# Stick Shift on the way out?



## OBS3SSION (Oct 1, 2002)

Dawg90 said:


> Good point, I should give up playing soccer, cause the pros on TV are a lot more skilled than I - I'll just watch them instead.


Poor example.

Better would be to say this: If I give you a car with an SMG-like transmission that shifts perfectly and lets you drive to your full potential... and put you on Lime Rock Park's track... you'd enjoy the hell out of yourself. But then if I put Boris Said in the same car on the same track, he'd pull faster lap times than you. Does that mean he enjoyed the car more than you? Probably not. He's just the better driver.


----------



## OBS3SSION (Oct 1, 2002)

zcasavant said:


> Ok, I'll buy that. Now, why was SMG introduced? For performance reasons or to satisfy the louts that are too lazy to shift?


SMG was a race-bread technology. It is used currently in many forms of autosports, but started in F1 I believe. Why is it used? Because it is better than any race driver rowing his own.

Ask MS or JPM (F1), Martin or Duval (WRC) or other drivers if they enjoy their races less now that their cars are equipped with SMG than when they had manual transmissions.


----------



## OBS3SSION (Oct 1, 2002)

Dawg90 said:


> This is not a dig at you Obsession.
> 
> There are enthusiasts who buy a 325i auto and order the sports package, so they can drive fast in corners on the way to work. Then there are enthusiasts who like to heel & toe at every exit ramp, and keep fixing up their 20 year old sports cars cause they think new cars are no fun to drive. SMG is for the first type of enthusiast.


No, I'd have to say SMG-style transmissions are for the "3rd" type of enthusiast.

Okay... I guess what I'm saying is flinging this thread off on a different tangent. I agree there will always be people who truly enjoy driving a stick more than any other type of car. Granted. I give you that. Just like there are people who like to fly vintage WWII aircraft, and hate anything modern.

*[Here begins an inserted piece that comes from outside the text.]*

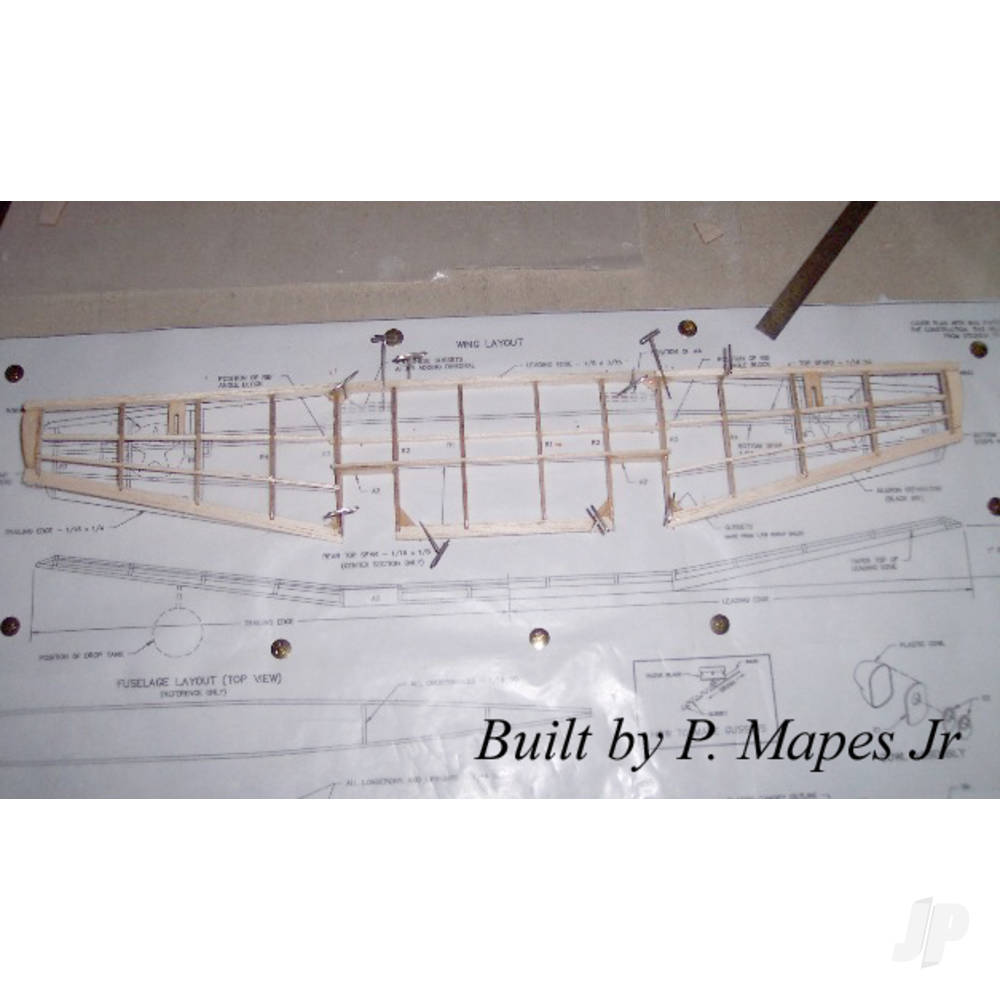 Dumas F-82 Twin Mustang (44.5cm) (206) 5500810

But bugs me is seeing the same thread over and over about people who bemoan the demise of the manual transmission. It's going to happen. Don't blame people who prefer autos, because it's probably not their fault. The SMG is the next evolution of transmission. It is more efficient than any manual transmission. Are they perfect yet? No. Give them time.

I can just see it now. Bimmerfest-2183. Threads about how people hate the new Faster-Than-Light BMWs because unless you are placed in cryogenic freeze for the 87 years it takes to get there, it just ain't the same!


----------



## Chris90 (Apr 7, 2003)

OBS3SSION said:


> Poor example.
> 
> Better would be to say this: If I give you a car with an SMG-like transmission that shifts perfectly and lets you drive to your full potential... and put you on Lime Rock Park's track... you'd enjoy the hell out of yourself. But then if I put Boris Said in the same car on the same track, he'd pull faster lap times than you. Does that mean he enjoyed the car more than you? Probably not. He's just the better driver.


I've been to LRP 3 times, and pulling off my own heel & toe downshifts is a hell of a lot more satisfying than pushing a button. I'm not racing for money, I'm there for fun, so I don't care if SMG would gain me a few 10ths, that's not the point of being there. I'm sure having a computer steer for me would be faster too - would that be fun?


----------



## The Roadstergal (Sep 7, 2002)

OBS3SSION said:


> but started in F1 I believe. Why is it used? Because it is better than any race driver rowing his own.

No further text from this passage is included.